RIC Constable John Kenna

RIC Constable John Kenna (aged 24) from County Tipperary (Innishannon)

Date of incident: 14 May 1921

Sources: CE, 16, 18 May 1921; RIC Weekly Summary of Outrages against the Police (CO 904/150, TNA); RIC County Inspector’s Monthly Report, Cork West Riding, May 1921 (CO 904/115, TNA); Lieutenant-Colonel John M. McCarthy’s WS 883, Appendix, 11-12 (BMH); Ted O’Sullivan’s WS 1478, 38 (BMH); Richard Russell’s WS 1591, 24 (BMH); Con Flynn’s WS 1621, 24 (BMH); Abbott (2000), 237; irishmedals.org (accessed 28 July 2014).

 

Note: Constable Kenna ‘was shot dead in a field 400 yards from the barracks at Innishannon’ at about 5:30 p.m. on Saturday, 14 May 1921. The official report on his death claimed that as many as fifteen shots had been fired at him.
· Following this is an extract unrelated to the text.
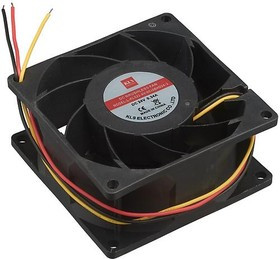 L-KLS22-AV-8038BHD24-3 KLS  вентиляторы осевые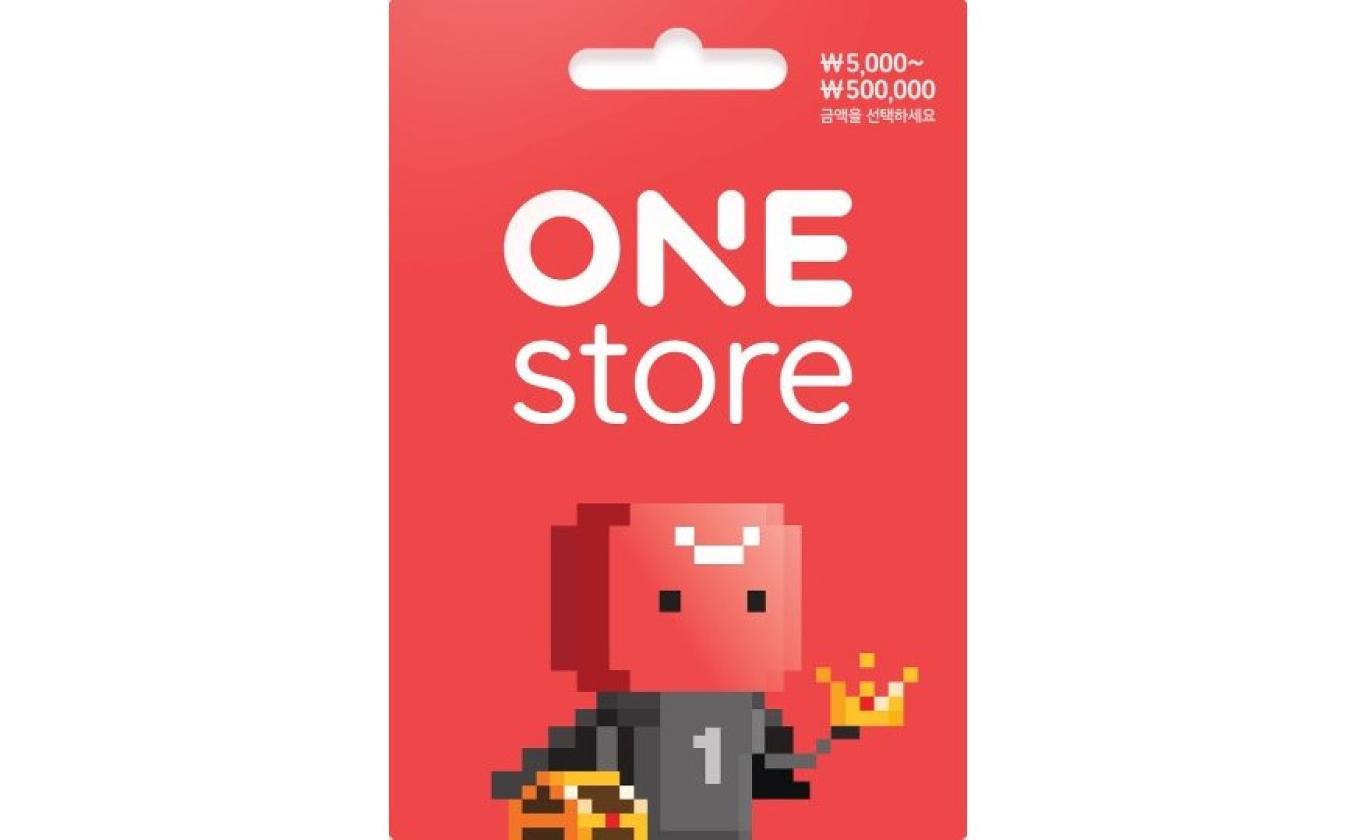 One Store Gift Card South KR Gift Card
See CE, 16 May 1921. According to Volunteer Richard Russell of the Innishannon Company, the IRA party whose members killed Constable Kenna included (besides James O’Mahoney) Jack Corkery, Jack Brien, Richard Harris, William Hogan, Tim McCarthy, and John O’Donovan. They ‘were assisted by a member of Cumann na mBan—Miss M. Cotter—who acted as scout and intelligence officer’. See Richard Russell’s WS 1591, 24 (BMH). In this ambush three men from the Ballinadee Company (Corkery, McCarthy, and Bill Hales) joined with some members of the Innishannon Company. See Con Flynn’s WS 1621, 24 (BMH).
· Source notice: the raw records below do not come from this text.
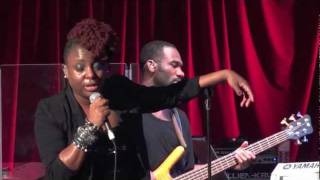 LEDISI ~ Alright @Bush Hall LONDON UK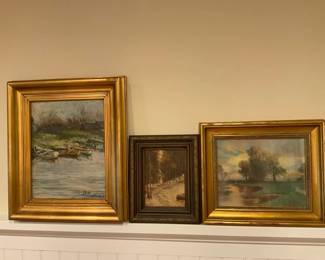19th Century Paintings
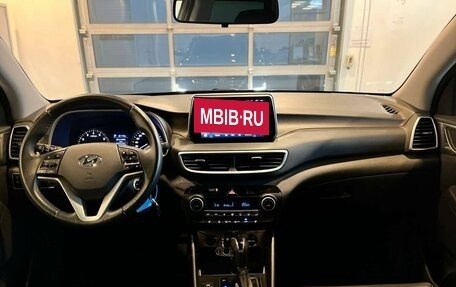 Hyundai Tucson III, 2019 год, 2 690 000 рублей, 9 фотография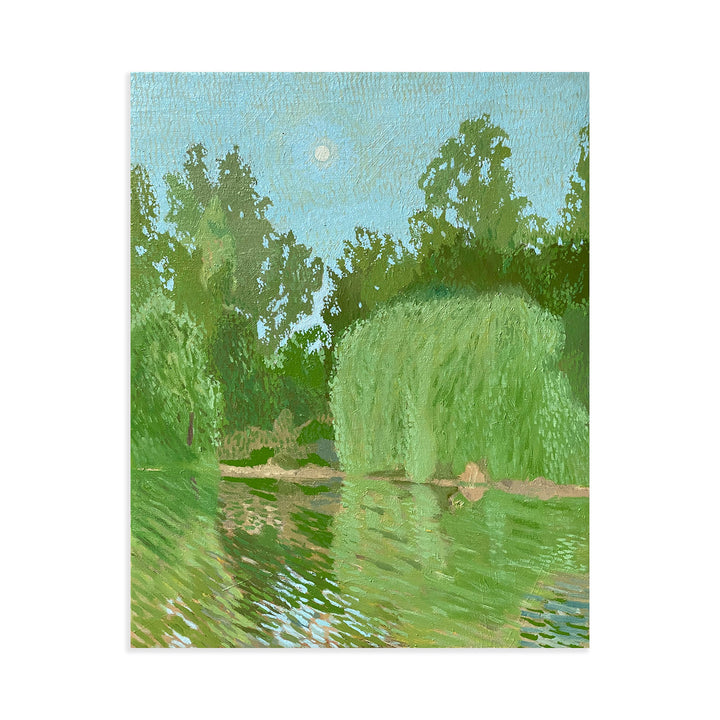Lac de Saint-Mandé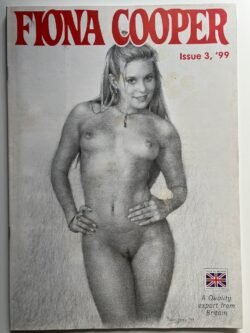 Fiona Cooper Magazine Issue 3 1999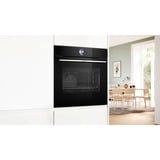 Bosch HBG7764B1 Serie 8, Backofen schwarz, 60 cm, Home Connect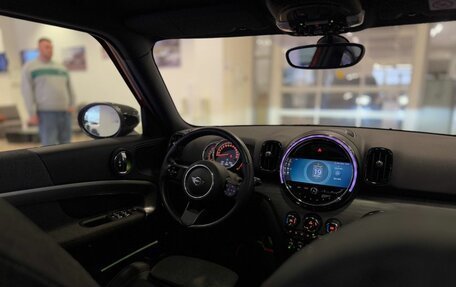 MINI Countryman II (F60), 2021 год, 4 290 000 рублей, 17 фотография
Constable Kenna had served with the RIC for three years; he had previously been a cycle mechanic. See Abbott (2000), 237. His remains were removed on 16 May 1921 for burial at Templemore, Co. Tipperary, ‘his native place’. See CE, 18 May 1921. 
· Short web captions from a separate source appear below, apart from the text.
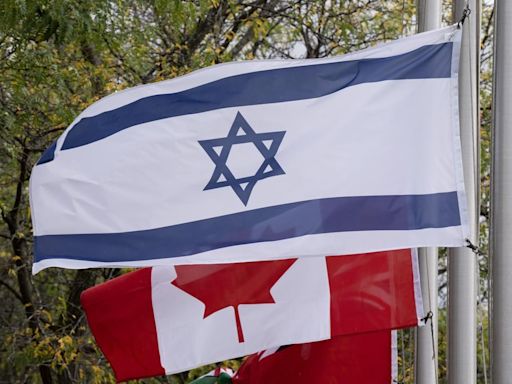 Ottawa cancels public ceremony for Israeli flag-raising, citing security concerns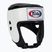 Kask bokserski Fairtex Muay Thai & Kickboxing Competition white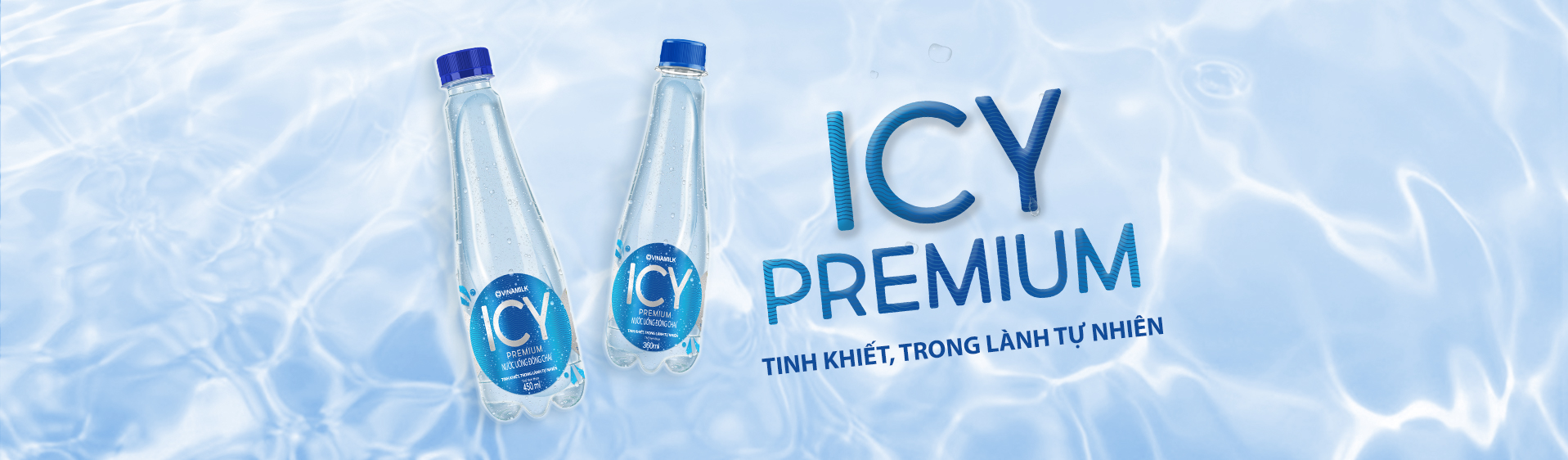 Nước Đóng Chai ICY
This death was only one of many among the British forces on 14 May 1921 as a result of a collective decision taken by Cork Volunteer leaders at a meeting at Kippagh near Millstreet on 27 April. The main business at the meeting was the establishment of what was designated the First Southern Division of the IRA, which combined the three Cork and three Kerry brigades with those of West Limerick and West Waterford. But it was also decided at this meeting that ‘some action should be taken against the enemy forces as a reprisal for the execution of I.R.A. men taken prisoner under arms. Accordingly, instructions were issued to all units to concentrate on a shoot up [sic] of all enemy personnel found abroad and to attack as many posts as possible on May 14th, 1921. I was deputed to organise this action in the western battalions of the brigade. In this connection I arranged for attacks at Castletownbere, Furious Pier, Skibbereen, Bantry, and Dunmanway.’ See Ted O’Sullivan’s WS 1478, 38 (BMH).